Floods have hit a wide swathe of West and Central Africa this rainy season, killing more than 300 people and affecting nearly 1.5 million.
Benin, which neighbours Togo, has been seen as the hardest hit, with some 680 000 people affected, according to UN estimates.
The Togo minister's statement said the toll given on Friday was a "complete evaluation" put together by teams assembled by the government with the help of the United Nations.
A previous toll released more than a week ago said about 10 people had been killed and nearly 3 000 affected.
"The evaluation has shown a need for short-term food, non-food and agricultural supply assistance," it said, but gave no details on whether or how such aid would be provided.

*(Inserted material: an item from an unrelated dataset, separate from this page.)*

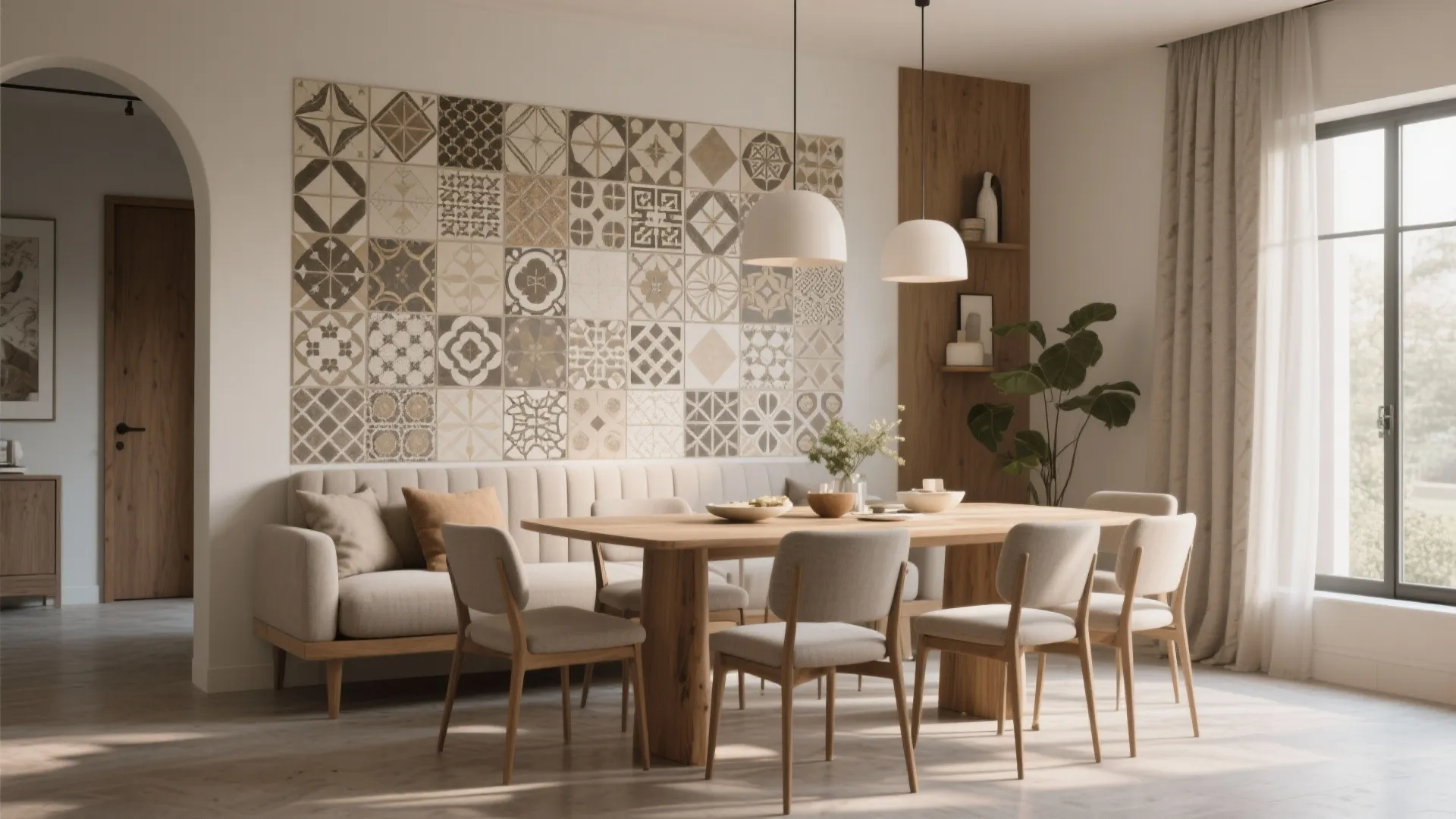 Spacious dining room with patterned wall tiles a wooden table and two white ceiling lights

More than 7 000 homes collapsed in the flooding in the country of some six million people, according to the statement.
In Benin on Thursday, an airlift of 1 500 tents arrived, with another 1 500 expected on Friday.
Highest death toll
The UN refugee agency had already been providing tents and mosquito nets in Benin from limited supplies in the region, officials have said.
Families have also been building temporary shelter with scrap wood and metal, and a statement issued by the UN has previously warned that the humanitarian situation in Benin was "becoming increasingly worrying".
Almost two-thirds of Benin was hit by flooding, the statement said, killing 43 people and leaving nearly 100 000 homeless. A cholera outbreak has added to the misery, with 800 cases counted across Benin, including seven deaths.
Aid organisations have acknowledged logistical problems in distributing assistance there, indicating the country of some 8.8 million people did not have a sufficient stock of emergency supplies on hand.
The highest death toll in the region this rainy season has been recorded in Nigeria, Africa's most populous nation with some 150 million people. The country has seen 118 deaths.
Entire villages and huge swathes of farmland have also been destroyed, particularly in Nigeria's north, though areas of the economic capital Lagos have also been affected.